The fifth edition of the annual survey highlights worsening wealth and income disparity, as mentioned above; a failing coefficient score of 82 on income inequality (100 equaling total inequality), compared with 80 a year ago and 38 in 1990; debilitating expenses of about $3,500 a month, making San Jose the most expensive city in the U.S.; and the metro area’s dubious status as the national leader in unsheltered homeless.

The negative fallout of breakneck economic expansion by the few should give pause to other areas — among them, Houston; Richmond, Va.; Cincinnati; Toronto; Kansas City, Mo.; Las Vegas; Birmingham, Ala.; Colorado Springs, Colo.; and Fargo, N.D. — all of whom have aggressively pursued and poached tech jobs with tax breaks, land deals and infrastructure projects in recent years. One early success story, Austin, Tex., has enjoyed tremendous growth, but at the cost of choked traffic and overtaxed city services after a run-up in construction to accommodate tech expansion.

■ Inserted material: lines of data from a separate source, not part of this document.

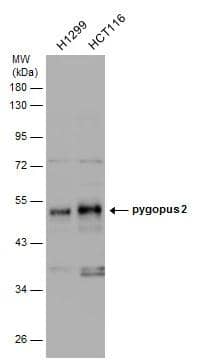 Various whole cell extracts (30 ug) were separated by 10% SDS-PAGE, and the membrane was blotted with pygopus 2 antibody (NBP2-20020) diluted at 1:5000. 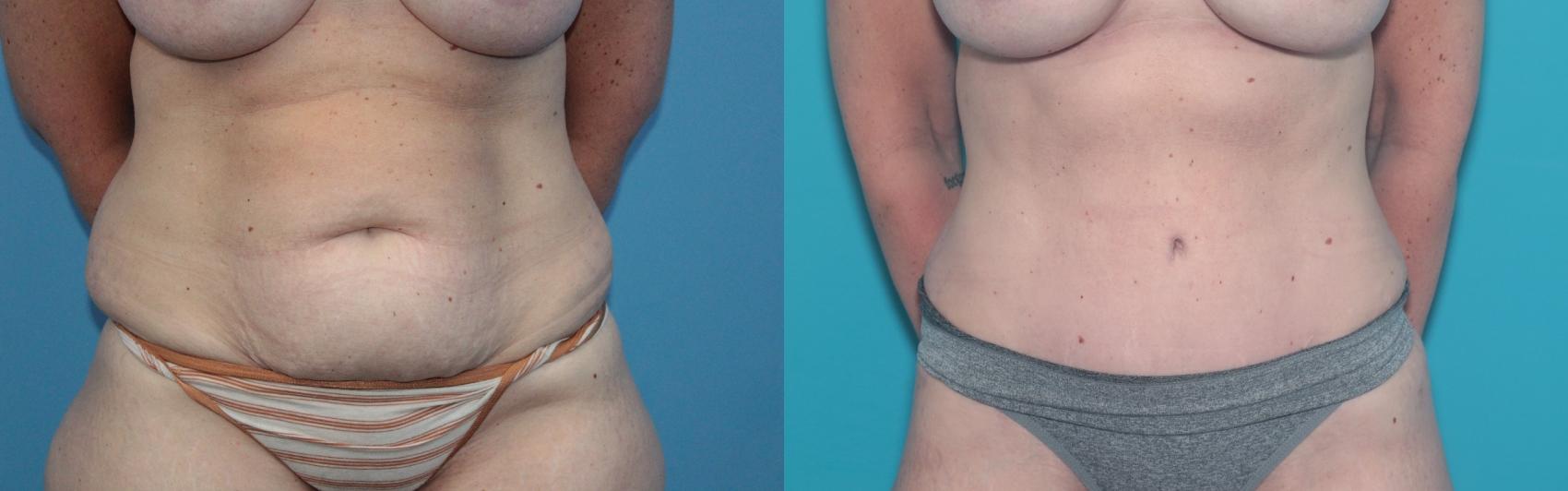 Before & After Tummy Tuck Case 353 Front View in West Des Moines & Ames, IA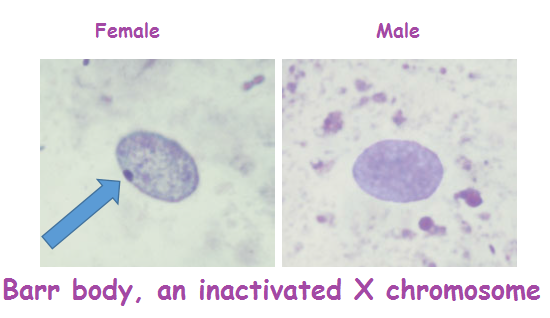 inactivated-X-chromosome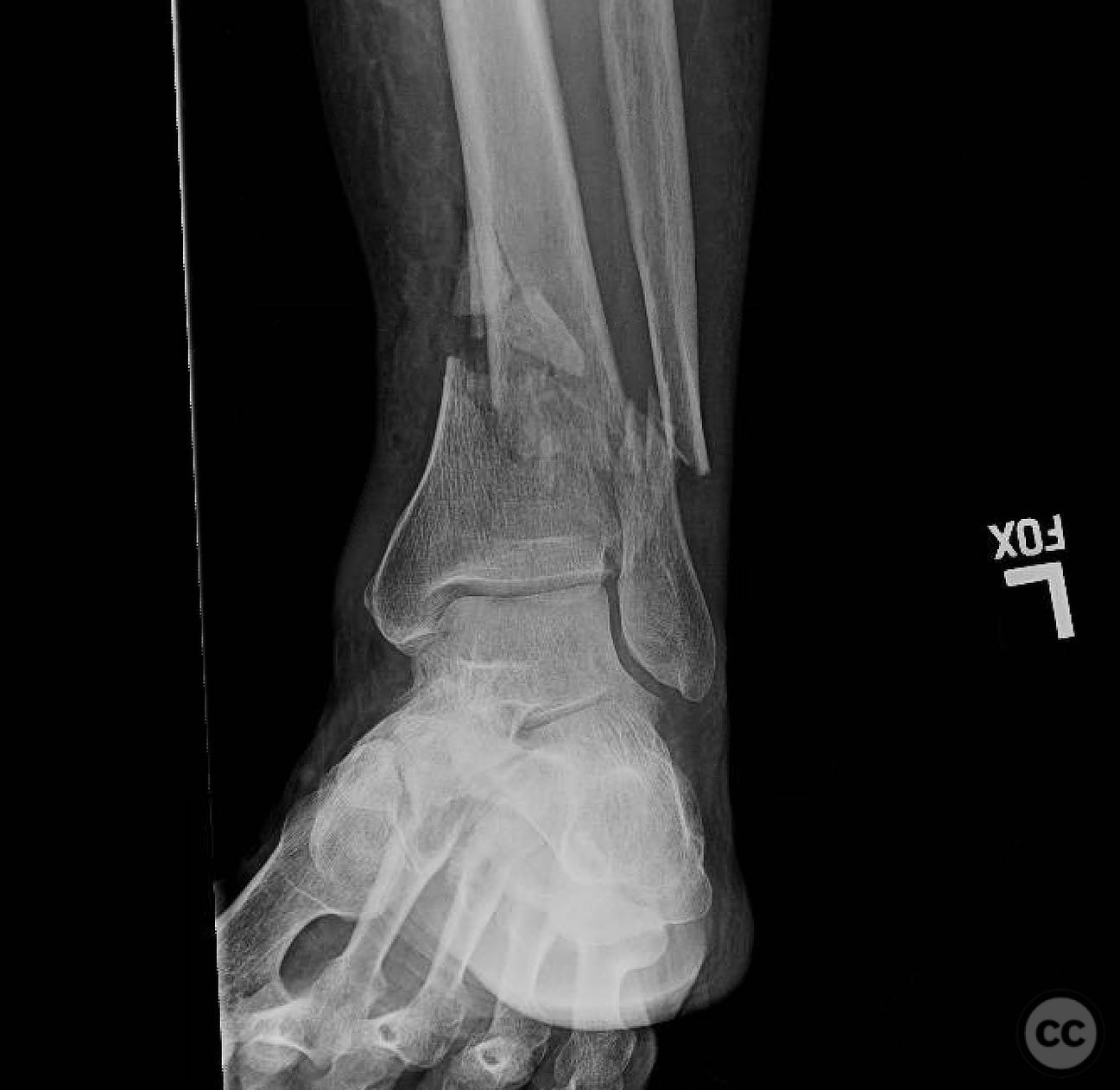 case image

“It’s a conundrum we’re in. Any other state would kill to have Silicon Valley in their community,” Evan Low, a California state representative running for the 16th Congressional district in the heart of Silicon Valley, said in a phone interview. “They want to replicate our success but may not like everything that comes with it.”

He points to Apple Park as a prime example. The opulent spaceship-shaped campus in Cupertino, Calif., looks like something out of “Alien” or “Star Wars” but it also required major (and expensive) upgrades of roads to handle the swell of employees commuting to work.